O seu primeiro disco chama-se ‘O Material Tem Sempre Razão’, que é também nome de uma das canções. Diz que é inspirado na expressão que ouvia muito ao seu pai, mas diz que representa igualmente ‘esta viagem de ser artista e mulher nos dias de hoje’. Que viagem é essa?
É uma viagem de lidar com as expectativas que se tem e que estão completamente presentes na sociedade nos dias de hoje. E aquelas expectativas que nós mulheres temos, aquela coisa dos contos de fada, das comédias românticas, das coisas que têm “target” feminino…O que é que é isso de ser mulher? Mulher pode ser tantas coisas diferentes. Por um lado, acho que este disco tem essa visão do que significou para mim toda este processo de escrever a música, de perceber o que o público quereria, mas ao mesmo tempo sem querer comprometer aquilo que eu sou e aquilo que eu gosto de fazer. Trata-se de um processo pelo qual passei que me levou à conclusão, mais uma vez, de que não posso ser outra coisa do que aquilo que sou, embora queira constantemente evoluir e melhorar.

Como é que este disco apresenta a Joana Espadinha, como é que reflete esse compromisso entre o que é e o que o público pode querer?
Eu sou essencialmente uma cantautora, uma pessoa que vive da sua criatividade, de um olhar atento do que se passa à sua volta e que ao mesmo tempo tem este lado autobiográfico: a forma como vive as relações e as expectativas de vida. Acabo por sentir que se esse retrato for – e eu acho que foi – fiel reflete uma rapariga que já não é uma miúda, mas que ainda não é uma mulher madura, que quer ter um espaço para ser ouvida, que ainda está aberta a mudar de opinião e a ser surpreendida pela vida, mas que já tem alguma coisa a dizer.
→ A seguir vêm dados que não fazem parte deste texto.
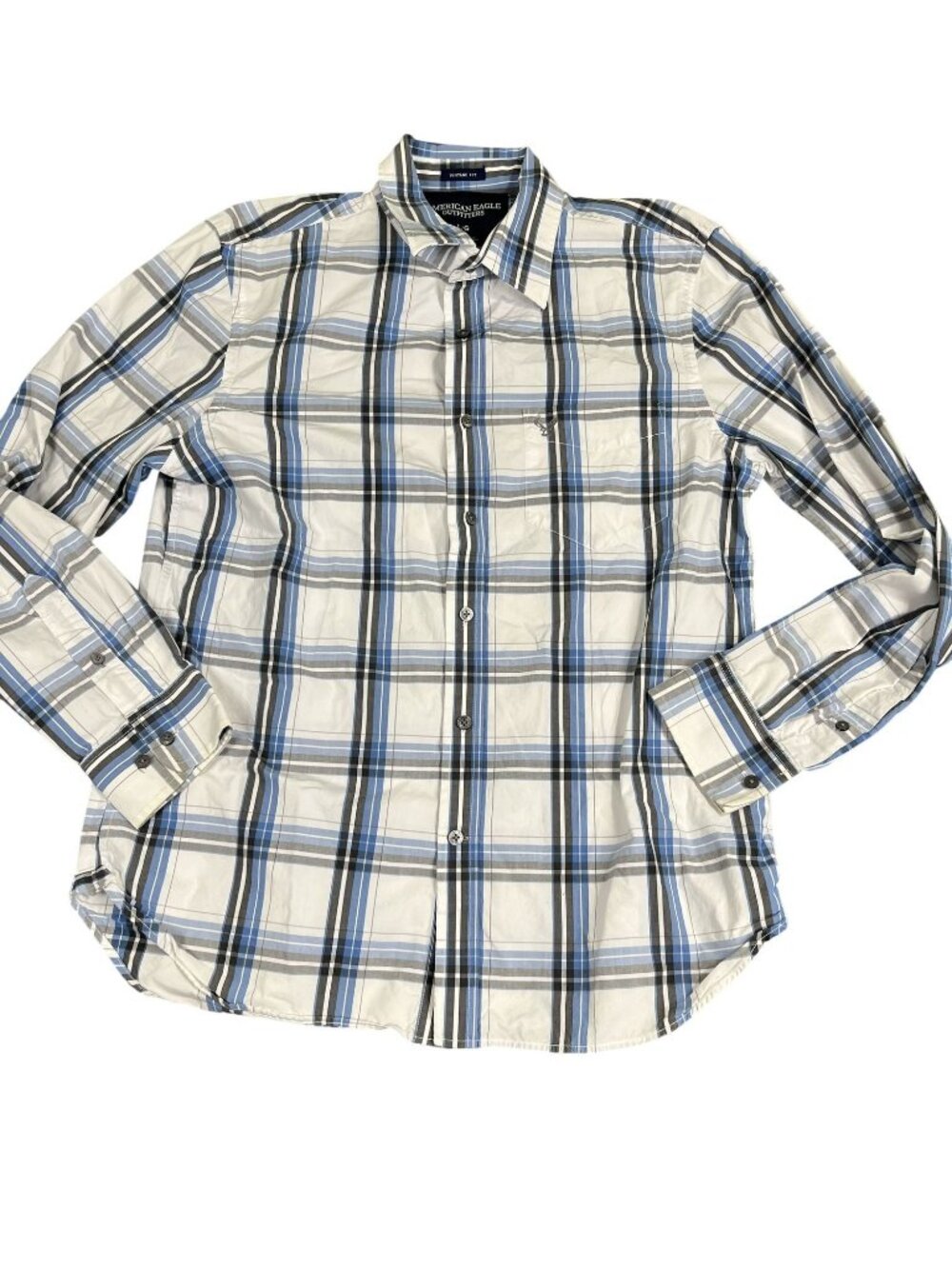 American Eagle Mens Vintage Fit Plaid Button-Up Shirt L Long Sleeve Chest Pocket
E ser uma mulher e ao mesmo tempo artista, que desafios é que essa “viagem”, como diz, lhe tem trazido?
Tenho a sorte de estar muito bem acompanhada e ser muito bem aconselhada com as pessoas com quem trabalho. Há uma preocupação, e acho que isto acontece mais com as mulheres, com o lado da imagem e, por um lado, se queremos ter uma boa imagem, por outro, às vezes, infelizmente, isso faz com que quem vê teça um preconceito sobre o que é que aquela pessoa é. Parece que uma pessoa para ser valorizada como compositora não pode ser a miúda pop demasiado embonecada. A imagem tem um peso um bocadinho maior na mulher artista, embora as coisas estejam a evoluir e há também mais mulheres a escrever, tinham menos voz, e isso marca realmente uma diferença.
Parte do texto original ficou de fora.